This simple spiderweb cake is made from the other half of the cake mix I used for the witch cut-up cake last week. The one I did is a single layer 9×9 circle, but this technique could be used on a cake of just about any size or shape.
This spiderweb requires two skills — frosting a cake and piping a line. If you add the little chocolate spider, then you need to be able to make a frosting glob. And yes, that is the technical term.
It is ridiculously easy, and the final product looks like you have mad decorating skills. I love projects like these — people think I can decorate cakes, but mostly I can just pipe globs, stars, and lines.
For this project, feel free to use any cake or frosting you’d like, but I’ll drop my favorite doctored cake mix and decorator’s buttercream recipes here.

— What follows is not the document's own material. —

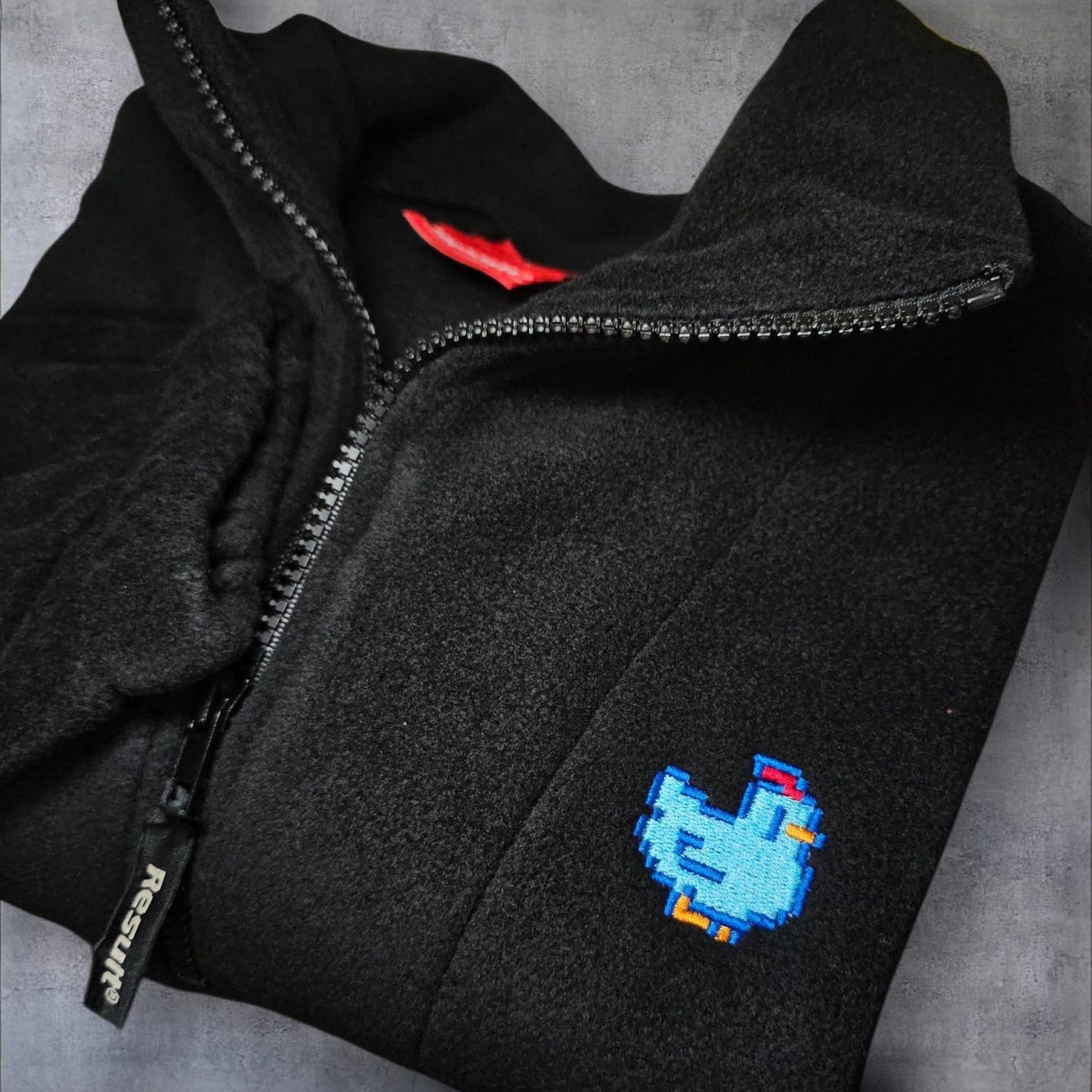 Pixel Chicken Embroidered Fleece, Cosy Gamer Quarter Zip, Unisex Farming Game Gift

And without further ado, the spiderweb cake decorating breakdown:
Start by frosting your entire cake as smoothly as you can.

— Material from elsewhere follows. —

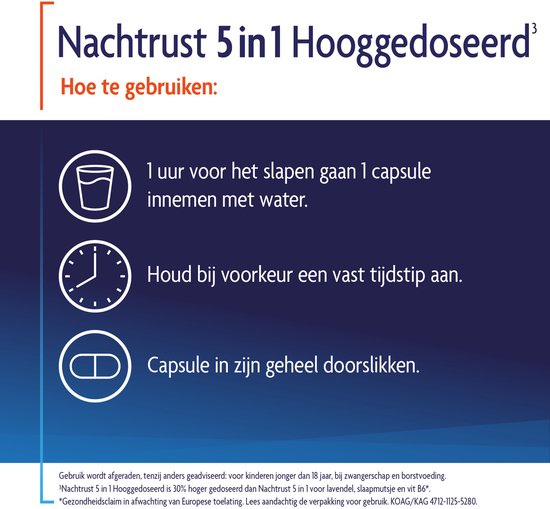 Gebruiksaanwijzing voor Shiepz Nachtrust 5 in 1: 1 capsule innemen met water, tijdstip aanhouden, capsule heel doorslikken.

Then using your #4 tip and the white icing, pipe a line straight across the middle of the cake. Next, pipe a straight line that crosses the first line to make an even cross. It’s okay if your cross isn’t perfect. Mine sure isn’t!
Next, pipe two more lines to divide the cake into 8 pieces.
Mine ended up slightly off-centered, and you can see where I accidentally hit the cake with my hand and tried to cover it up (bottom right). It’s still going to look cute, though!
Your next step is to create the webbing. Starting about an inch from the middle, pipe swoops between each of the lines.
I ended up making three rows of swoops spaced about an inch apart. This is what it looks like when you’re done swooping.
If you’d like, you can call it quits here. I wanted to continue down the sides, so I just extended my straight lines down the sides of the cake and made two more rows of swoops.
The final touch is the spider. Feel free to use a candy spider, or one of those spider rings pressed into the cake. I didn’t have anything like that, so I used some chocolate frosting and the #12 tip to pipe a small glob off-center.
This was followed by a larger glob right next to it.
And lastly, I switched to the #4 tip to pipe some legs. That’s it!